Aaron did not act according to the ordinary Law Lev 4:5-7, Lev 4:16-18, but as Moses had done in the sin-offering of the consecration ceremony (Lev 8:15; compare also Lev 4:25, Lev 4:30, Lev 4:34). The probable reason of this was that he had not yet been formally introduced as the high priest into the holy place of the tabernacle.
Brought the blood - They most likely held the basons in which the blood was received as it ran from the victim, and then handed them to their father. See Lev 1:5.
In this first complete series of offerings made by the high priest, the sacrifices take their appointed order; first, the sin-offering to make atonement; then the burnt-offering, to signify the surrender of the body, soul and spirit to Yahweh in heaven; and lastly the peace-offering, to show forth the communion vouchsafed to those who are justified and sanctified. See Lev 8:14 note.
Aaron having completed the offerings, before he came down from the stage surrounding the altar on which the priests used to stand to officiate (see Exo 27:8), turned toward the people, and blessed them; probably using the form which became the established one for the priests Num 6:24-26, and which is still maintained in the synagogues.
Aaron, having now gone through the cycle of priestly duties connected with the brass altar, accompanies Moses into the tent of Meeting. It was reasonable that Moses, as the divinely appointed leader of the nation, should induct Aaron into the tabernacle.
Blessed the people - This joint blessing of the mediator of the Law and the high priest was the solemn conclusion of the consecration and Inauguration. (Compare Ch2 6:3-11.) According to one tradition, the form used by Moses and Aaron resembled Psa 90:17. But another form is given in the Targum of Palestine, "May your offerings be accepted, and may the Lord dwell among you and forgive you your sins."

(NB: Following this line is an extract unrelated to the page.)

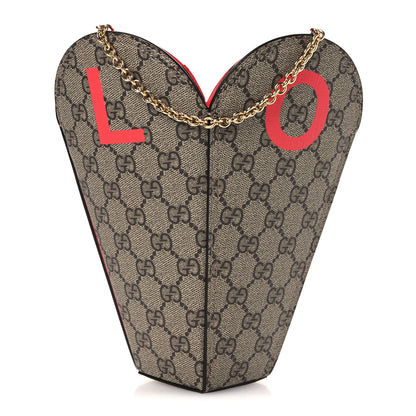 Gucci GG Supreme Monogram Love Valentines Day Small Heart Bag Beige Ebony New Geranium 1 of 10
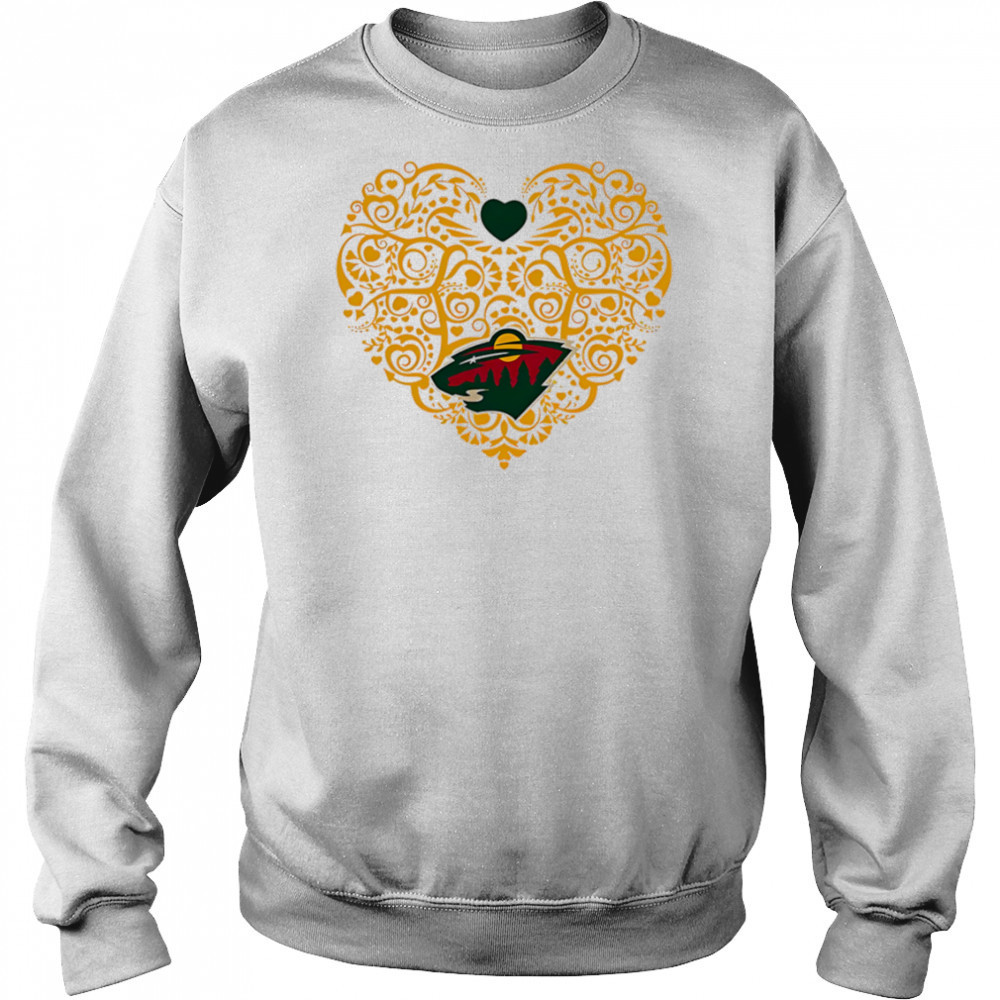 Minnesota Wild Floral Pattern Heart logo shirt Hoodie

The very ancient Jewish tradition has been widely adopted that the sacred fire of the altar originated in this divine act, and that it was afterward preserved on the altar of the tabernacle until the dedication of the temple, when fire again "came down from heaven." Ch2 7:1. But according to the sacred narrative the altar-fire had been lighted in a natural way before this occasion. (Compare Lev 8:16; Lev 9:10, Lev 9:13, etc.; Exo 40:29.) It would therefore seem that the fire which "came out from before the Lord" manifested itself, according to the words of Lev 9:24, not in kindling the fuel on the altar, but in the sudden consuming of the victim. For the like testimony to the acceptance of a sacrifice, see Jdg 13:19-20; Kg1 18:38; Ch1 21:26, and probably Gen 4:4. The phrase to turn a sacrifice to ashes, became equivalent to accepting it (Psa 20:3, see the margin). The fire of the altar was maintained in accordance with Lev 6:13.